Opponents of income tax increase seem assured of vote

SALEM — Opponents of the Legislature’s $800 million income tax increase gave elections officials 13 boxes of petition sheets Tuesday that they said contained more than 147,000 signatures — nearly three times the number they need to put the issue on a special ballot.

Petitioners and tax increase supporters agreed that the signature total virtually guarantees a Feb. 3 referendum in which voters will decide whether to overturn the temporary tax increase that lawmakers used to help balance the state budget.

Signature gatherers said voters’ anger about the increase eased collection of the signatures and makes them confident that voters will reject it.

“We have confirmed through this process that the citizens of our state are outraged by what the Legislature has done,” said Russ Walker of Citizens for a Sound Economy, one of the groups spearheading the referendum campaign.

Using three orange handcarts, Walker and others wheeled the boxes of signature sheets into the state Elections Division less than two hours before the 5 p.m. deadline. Elections officials have until Dec. 9 to determine whether the petitioners have the required 50,420 valid signatures. They started sorting the signatures Tuesday night.

If the referendum qualifies for the ballot, it will set up a vote on one of the key pieces of revenue for the state’s $11.5 billion general fund budget for 2003-05, which the Legislature balanced in late August at the end of a record-long session. Legislators agreed to the increase after tax revenues, driven down by the recession, failed to meet projections.

The vote would come a little more than a year after voters, by 54 percent to 46 percent, rejected a temporary income tax increase designed to prevent $310 million in cuts to schools and state programs.

Supporters of the latest increase say they will emphasize the services financed with the income tax money. That includes schools, health care, senior citizen services and courts, said Morgan Allen of Our Oregon Coalition, which backs the increase.

“We feel this brings stability to services that Oregonians care about,” Allen said.

The coalition includes public employee unions, senior citizen groups, disabilities organizations, parent-teacher associations and Oregon Food Banks, he said. Their campaign on the referendum will be similar to the effort for Measure 28, the January tax increase proposal that failed. That campaign emphasized the services that would be cut if the measure failed.

But opponents of the $800 million plan say taxpayers want state government to limit spending, be more efficient, and look to new sources of revenue such as selling timber from state-owned forests, rather than raising taxes. That is particularly true, they say, while Oregon’s economy struggles and unemployment ranks among the nation’s highest.

“These petitions represent the voice of the taxpayers, who are tired of increasing taxes and afraid of losing their job, not making their house payment and not being able to put food on the table,” said Jason Williams of the Taxpayers Association of Oregon.

Allen acknowledged that the election would be “a tough decision” for voters.
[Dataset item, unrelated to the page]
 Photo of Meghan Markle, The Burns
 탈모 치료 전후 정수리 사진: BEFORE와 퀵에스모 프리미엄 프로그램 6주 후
Walker said opponents of the tax increase, who have raised about $600,000 for the campaign, include the Oregon Family Council and the state Republican, Libertarian and Constitution parties.

In the referendum election, a yes vote would uphold the tax increase and a no vote would nullify it. If the law is upheld, a three-year income tax surcharge would be enacted. The bill to a taxpayer would be a percentage of the tax they owe and would increase with income, ranging from 1 percent to 9 percent.

The surcharge was contained in House Bill 2152, which also included a phase-out of medical deduction for middle- and high-income senior citizens, an increase in the corporate minimum tax and other business taxes, and a property tax increase. The bill would raise as much as $1.1 billion overall for the 2003-05 and 2005-07 budgets.

The petitioners said they collected signatures in all 36 Oregon counties and that more than 70,000 — close to half — were gathered in Multnomah, Clackamas and Washington counties. Walker estimated that about 25,000 of the statewide total were collected by paid signature gatherers. The rest came from volunteers.

The one issue no one was debating Tuesday was whether the referendum would have enough valid signatures to trigger the election.

Last year, 11 initiatives submitted signatures to try to make the November ballot. By checking for duplicates and examining voter signatures and other records, elections officials found that 65 percent to 73 percent of the signatures were valid.

At those verification rates, the referendum campaign would need to turn in 70,000 to 80,000 signatures to wind up with enough valid ones.

“With the amount of signatures they’ve turned in, I think it would probably be foolish to say they’re not going to qualify,” said Allen of the Our Oregon Coalition. “We’ve got a real fight on our hands.”